En écrivant ce livre, j’ai rencontré des personnes qui m’ont parlé d’une époque où les goor-jigeen marchaient tranquillement dans la rue. Ce mot désignait un travesti, qui était peut-être homosexuel. Les goor-jigeen aidaient les femmes dans la préparation des cérémonies et des sabar, les fêtes traditionnelles. Ils étaient souvent les seuls à connaître des poèmes ou des paroles amusantes qui faisaient oublier aux gens la dureté de la vie. Les gens les aimaient pour cela et oubliaient qu’ils pouvaient aussi les détester profondément.

En somme, un bon homosexuel au Sénégal est soit un homosexuel qui se cache, soit un amuseur public, soit un homosexuel mort. Pourtant, il y a des sortes de carnavals où les hommes se déguisent en femmes, et inversement. Cela pourrait nourrir une réflexion sur les genres, leur influence et leur porosité. Mais les personnes qui pourraient s’intéresser à ces sujets ne le font pas à cause de la pression sociale.

C’est cette pression sociale qui empêche selon vous le débat ?

Essayer ne serait-ce que de réfléchir à l’homosexualité, c’est s’exposer à un danger. C’est se rendre compte qu’on est moins radical qu’on le voudrait et donc qu’on est dans le péché. Alors les gens se rangent derrière les lieux communs : « Ils sont malades, il faut les soigner », « Ils l’ont choisi et le font par provocation », etc. Ces paroles empêchent de se demander : « Est-ce que je n’ai pas un ami, un fils, un frère dont je sais ou sens qu’il est homosexuel ? Dois-je arrêter de lui parler ? »

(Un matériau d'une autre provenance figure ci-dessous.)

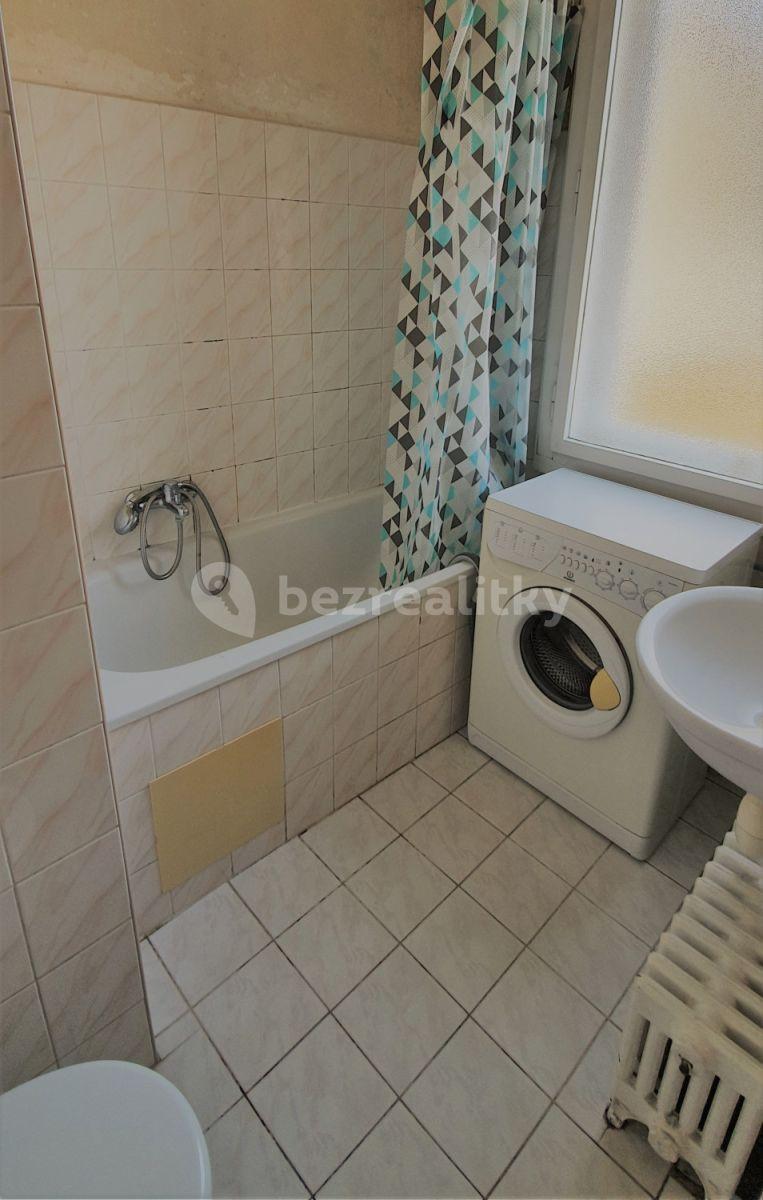 1 bedroom flat to rent, 25 m², U Nemocenské pojišťovny, Prague, Prague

Malheureusement, le pouvoir religieux a une emprise très forte sur les esprits. Même les hommes politiques ou les universitaires doivent avant tout faire allégeance au pouvoir religieux. Si la situation de l’homosexualité au Sénégal doit évoluer, les religieux se défendront très fortement. On ne fera pas l’économie d’un moment extrêmement violent, dans les débats ou dans les actes.

A quelles réactions vous attendez-vous au Sénégal ?

Mon roman ne circulera vraiment au Sénégal que dans quelques mois. Ce sera l’épreuve de vérité. Je sais que certains se dispenseront de le lire pour se faire leur opinion. D’autres, qui l’ont lu, m’ont dit avoir été choqués et pensent qu’il peut être dangereux et difficile à accepter dans un contexte sénégalais. On verra. Au Sénégal, on s’expose lorsqu’on pense différemment sur certains sujets. L’homosexualité fait partie de ces lignes rouges.